De jury van de Woutertje Pieterse Prijs heeft wél een beetje zitten slapen dit jaar. Prima natuurlijk, als je Juwelen van stras Carli Biessels en Martijn van der Linden het mooiste boek van 2009 noemt. Maar de jury hangt er wel een uitzonderlijk onnozel kletsverhaal aan. Als ik het goed begrijp, ziet de redering van het rapport er in grote lijnen als volgt uit:
1. Er is een kloof tussen literaire en populaire boeken. (Dat weten we al twintig jaar, maar fijn dat deze mensen het nu ook weten.)
2. Literaire auteurs moeten meer aandacht hebben voor de actualiteit, zodat hun werk meer 'maatschappelijke urgentie' krijgt.
3. Populaire schrijvers moeten 'de literaire middelen meer en beter benutten', zodat hun werk aan diepgang wint.
4. De jury geeft een aantal voorbeelden van geslaagde literaire kinder- en jeugdboeken van vorig jaar, die volstrekt niet actueel of 'maatschappelijk urgent' zijn. (Bijvoorbeeld Hondeneters van Marita de Sterck.)
5. De jury somt een aantal populaire auteurs op die 'ineens opvallend veel diepgang' tonen.

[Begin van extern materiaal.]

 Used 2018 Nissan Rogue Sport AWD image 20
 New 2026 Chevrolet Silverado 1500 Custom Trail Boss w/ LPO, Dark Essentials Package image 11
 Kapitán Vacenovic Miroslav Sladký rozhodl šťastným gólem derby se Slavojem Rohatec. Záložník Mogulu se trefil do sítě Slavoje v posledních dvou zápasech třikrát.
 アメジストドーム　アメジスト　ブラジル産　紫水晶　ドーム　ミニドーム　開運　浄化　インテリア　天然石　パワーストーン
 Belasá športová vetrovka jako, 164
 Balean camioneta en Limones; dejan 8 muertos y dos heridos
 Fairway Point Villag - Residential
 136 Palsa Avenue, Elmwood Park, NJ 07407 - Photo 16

Belangrijke voorbeelden zijn Derk Visser (Landjepik) en Tjibbe Veldkamp (Tiffany Dop). Sinds wanneer zijn dat populaire auteurs? Jury beweert zelfs dat Tiffany Dop door lezers 'gevreten' wordt.
6. Jury laat een ingetogen, sober, literair werkje winnen waar geen kind op zit te wachten en dat ook volstrekt niet 'maatschappelijk urgent' is.
Zou iemand me kunnen uitleggen wat deze jury, voorgezeten door Frank Groothof, in Godsnaam met deze redenering heeft bedoeld?